TGR: In another of your recent articles, you said that junior gold stocks offer exceptional value because they're still in the relatively early stages of recovery. With gold up 30%, major gold stocks down 15%, and junior gold stocks down 60%, you asked, "Which one would you like to buy now?"

But with the greatest opportunities for appreciation, don't those junior Gold Mining stocks also present a correspondingly greater risk? If so, how do you minimize the risks of investing in juniors?

Andrew Mickey: There are two ways. The first is timing and picking the bottom, which is a very tough thing to do. The other is diversification; I'd recommend owning at least five to 10 across the board. In addition, you'd want to buy consistently. The way we see it, we'll be Buying Gold juniors for the next two years.

We don't want to exhaust all of our capital right away. It's a lot less stressful and you don't have to be exactly right to make a fortune.

Also, when they're still deeply undervalued on a relative basis, you don't have to risk nearly as much capital. So you could make 20% in big gold stocks, but you may have missed 50% to 100% in juniors. The juniors are riskier, but the amount of capital required to earn the equivalent nominal gains is less. Risk is always relative to a lot more factors than simple percentage moves, positions sizes are as equally important.

TGR: When you're looking at juniors, do you differentiate between current producers and near-term producers? Or joint-venture models versus royalty companies?

Andrew Mickey: Most of our valuations are based on traditional metrics such as net present value of future cash flows for producers. Of course, once a company is producing and we know much gold it is producing, there's a clear way to value it through the cash flow model. That's how the big money values things, so that's how you have to do it.

If you really want to swing for something with just a little bit more upside potential, maybe you select a near-term producer. There's a lot more room to value them differently because as the big money managers continue to look at gold, they're going to have to come up with ways to value those stocks.

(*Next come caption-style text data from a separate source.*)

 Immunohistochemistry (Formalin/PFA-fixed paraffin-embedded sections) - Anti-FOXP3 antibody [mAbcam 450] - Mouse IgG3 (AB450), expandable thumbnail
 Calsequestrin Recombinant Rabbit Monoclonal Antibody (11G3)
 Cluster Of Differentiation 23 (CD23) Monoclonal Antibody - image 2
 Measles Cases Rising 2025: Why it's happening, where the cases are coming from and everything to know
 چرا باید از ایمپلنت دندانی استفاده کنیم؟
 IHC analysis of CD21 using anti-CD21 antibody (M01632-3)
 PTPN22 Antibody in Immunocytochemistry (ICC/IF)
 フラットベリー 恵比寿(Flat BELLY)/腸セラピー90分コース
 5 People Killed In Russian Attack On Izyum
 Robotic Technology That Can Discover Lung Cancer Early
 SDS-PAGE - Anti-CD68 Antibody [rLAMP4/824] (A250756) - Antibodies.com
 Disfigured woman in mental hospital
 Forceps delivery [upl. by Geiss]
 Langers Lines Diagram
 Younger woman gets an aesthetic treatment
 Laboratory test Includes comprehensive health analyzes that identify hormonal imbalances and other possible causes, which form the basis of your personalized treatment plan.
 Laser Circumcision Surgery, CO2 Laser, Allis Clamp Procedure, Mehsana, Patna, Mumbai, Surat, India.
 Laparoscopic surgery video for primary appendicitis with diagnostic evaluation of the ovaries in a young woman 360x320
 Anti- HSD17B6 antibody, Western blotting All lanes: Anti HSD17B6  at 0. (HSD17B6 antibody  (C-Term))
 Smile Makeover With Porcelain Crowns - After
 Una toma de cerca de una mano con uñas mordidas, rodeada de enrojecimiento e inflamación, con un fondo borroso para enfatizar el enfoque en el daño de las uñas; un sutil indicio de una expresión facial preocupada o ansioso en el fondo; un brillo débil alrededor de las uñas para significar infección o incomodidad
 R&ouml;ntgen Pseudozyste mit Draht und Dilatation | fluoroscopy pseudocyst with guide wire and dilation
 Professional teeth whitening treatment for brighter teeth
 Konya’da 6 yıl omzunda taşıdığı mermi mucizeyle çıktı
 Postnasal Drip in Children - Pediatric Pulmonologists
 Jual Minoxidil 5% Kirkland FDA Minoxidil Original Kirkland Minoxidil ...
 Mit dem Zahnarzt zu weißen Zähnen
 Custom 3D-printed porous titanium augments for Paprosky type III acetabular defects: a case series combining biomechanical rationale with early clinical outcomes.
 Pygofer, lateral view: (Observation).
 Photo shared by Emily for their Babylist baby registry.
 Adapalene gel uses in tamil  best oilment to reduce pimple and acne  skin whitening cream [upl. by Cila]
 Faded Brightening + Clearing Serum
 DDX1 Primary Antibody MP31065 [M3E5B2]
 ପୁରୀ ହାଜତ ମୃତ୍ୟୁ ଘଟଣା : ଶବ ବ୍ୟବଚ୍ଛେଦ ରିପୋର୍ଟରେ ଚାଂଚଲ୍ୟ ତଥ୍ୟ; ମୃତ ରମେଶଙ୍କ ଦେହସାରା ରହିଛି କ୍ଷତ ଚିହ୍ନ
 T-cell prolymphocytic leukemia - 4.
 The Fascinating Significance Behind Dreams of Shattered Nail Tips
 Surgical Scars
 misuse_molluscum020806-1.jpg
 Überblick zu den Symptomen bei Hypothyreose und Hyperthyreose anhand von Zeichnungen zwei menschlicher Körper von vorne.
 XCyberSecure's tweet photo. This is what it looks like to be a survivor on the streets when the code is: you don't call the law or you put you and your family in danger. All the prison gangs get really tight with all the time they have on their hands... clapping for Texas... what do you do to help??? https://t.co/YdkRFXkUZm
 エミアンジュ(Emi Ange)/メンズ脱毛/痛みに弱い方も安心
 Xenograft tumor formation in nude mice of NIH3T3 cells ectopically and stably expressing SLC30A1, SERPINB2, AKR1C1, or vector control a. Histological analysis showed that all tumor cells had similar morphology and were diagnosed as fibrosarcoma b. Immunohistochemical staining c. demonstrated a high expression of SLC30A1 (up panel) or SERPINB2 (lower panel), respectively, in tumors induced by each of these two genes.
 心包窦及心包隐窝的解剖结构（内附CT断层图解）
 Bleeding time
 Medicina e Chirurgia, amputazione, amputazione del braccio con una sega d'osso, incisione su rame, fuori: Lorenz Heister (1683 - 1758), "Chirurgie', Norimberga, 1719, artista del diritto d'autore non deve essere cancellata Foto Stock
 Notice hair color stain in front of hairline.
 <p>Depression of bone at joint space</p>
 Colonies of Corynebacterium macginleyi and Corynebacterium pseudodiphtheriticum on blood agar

Think of it like the dot-com days. If a company had earnings, there was a way to value it traditionally. But if a company didn't even have a chance of being profitable, traders and investors would come up with all kinds of ridiculous ways to justify lofty prices and bid them up even more. That's why the worse a company was fundamentally, the better it actually did.

That happens in all euphoric bubbles. And when it does, it will feel great, but that's also the time to start taking money off the table.